## WORK ORDER
Extract every entry word for word. Skip the pictures.

START DATA FOR PROCESSING

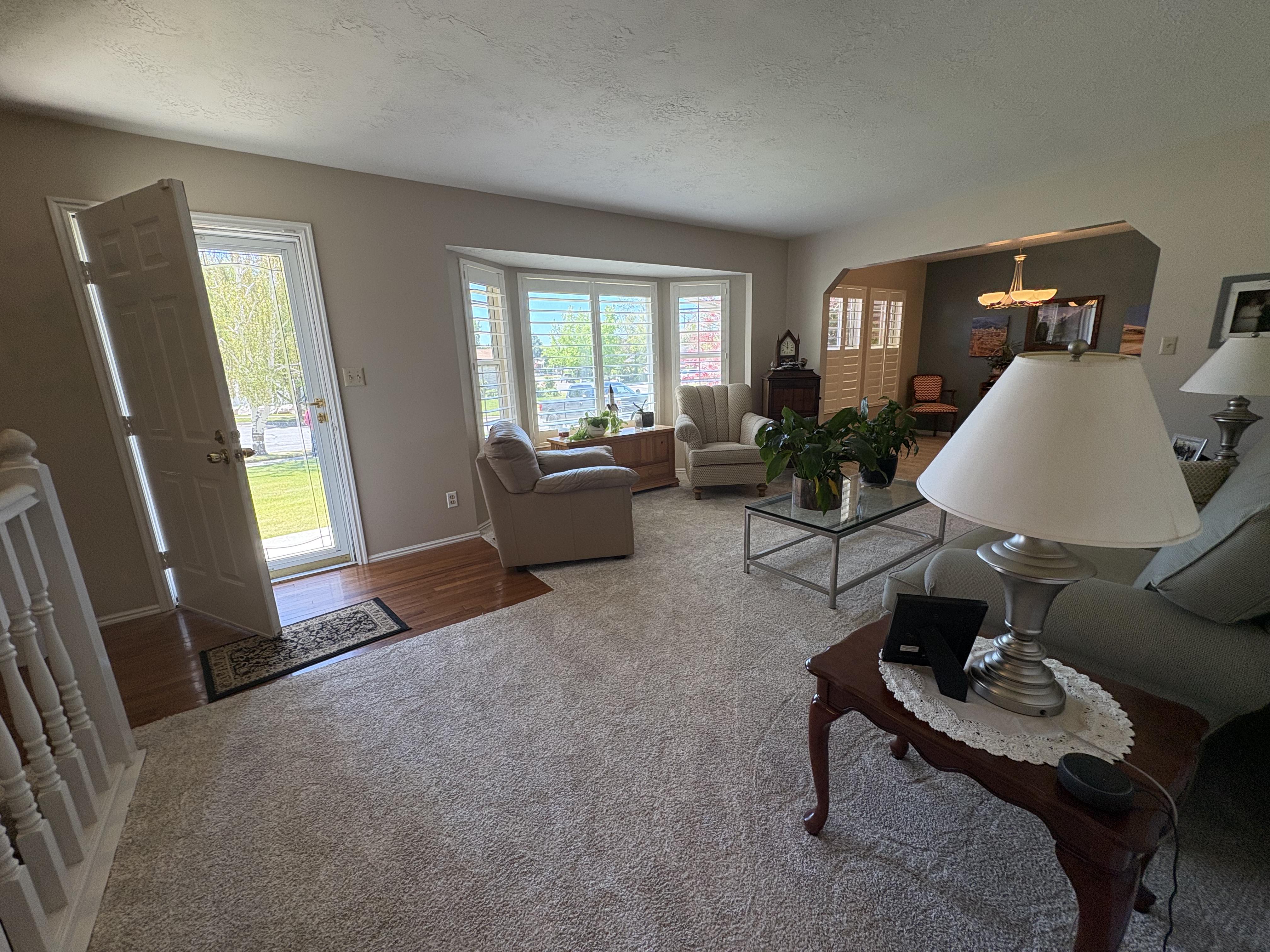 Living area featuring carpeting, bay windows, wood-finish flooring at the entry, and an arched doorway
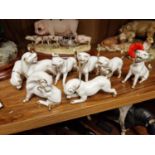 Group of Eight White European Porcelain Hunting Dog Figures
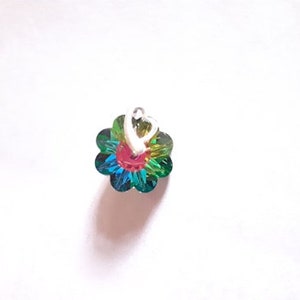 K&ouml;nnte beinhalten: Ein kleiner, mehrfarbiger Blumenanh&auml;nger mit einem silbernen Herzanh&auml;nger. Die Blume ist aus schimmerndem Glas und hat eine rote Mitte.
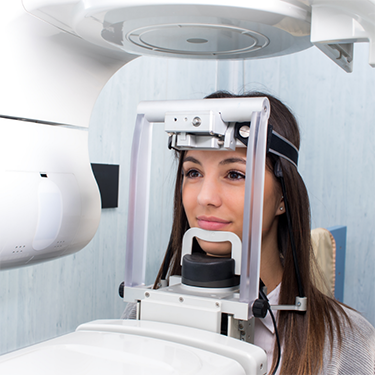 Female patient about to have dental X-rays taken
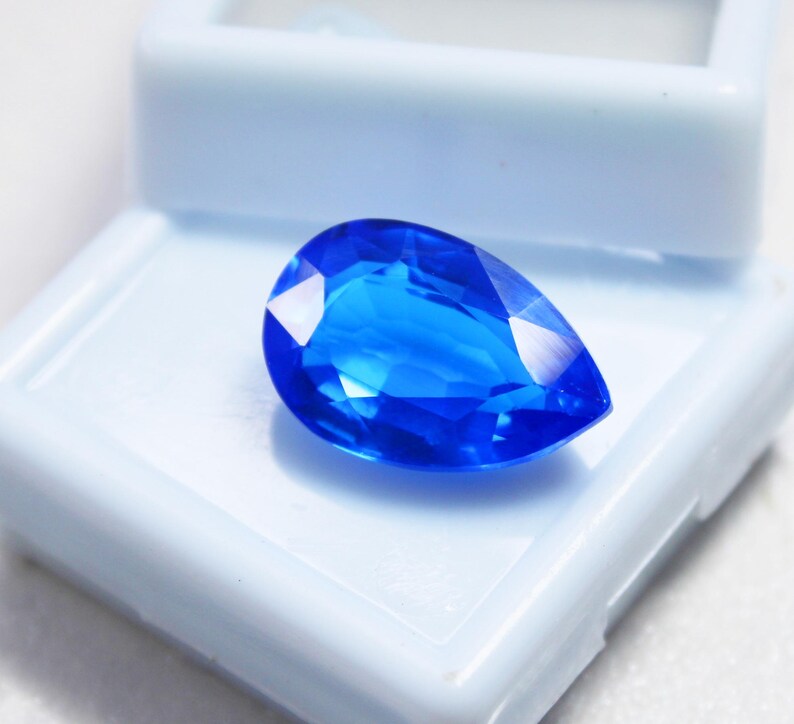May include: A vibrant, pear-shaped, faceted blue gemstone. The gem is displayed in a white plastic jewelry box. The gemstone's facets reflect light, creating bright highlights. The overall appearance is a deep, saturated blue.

END DATA FOR PROCESSING

## COMPLETED EXERCISE
 Living area featuring carpeting, bay windows, wood-finish flooring at the entry, and an arched doorway
 Group of Eight White European Porcelain Hunting Dog Figures
 K&ouml;nnte beinhalten: Ein kleiner, mehrfarbiger Blumenanh&auml;nger mit einem silbernen Herzanh&auml;nger. Die Blume ist aus schimmerndem Glas und hat eine rote Mitte.
 Female patient about to have dental X-rays taken
May include: A vibrant, pear-shaped, faceted blue gemstone. The gem is displayed in a white plastic jewelry box. The gemstone's facets reflect light, creating bright highlights. The overall appearance is a deep, saturated blue.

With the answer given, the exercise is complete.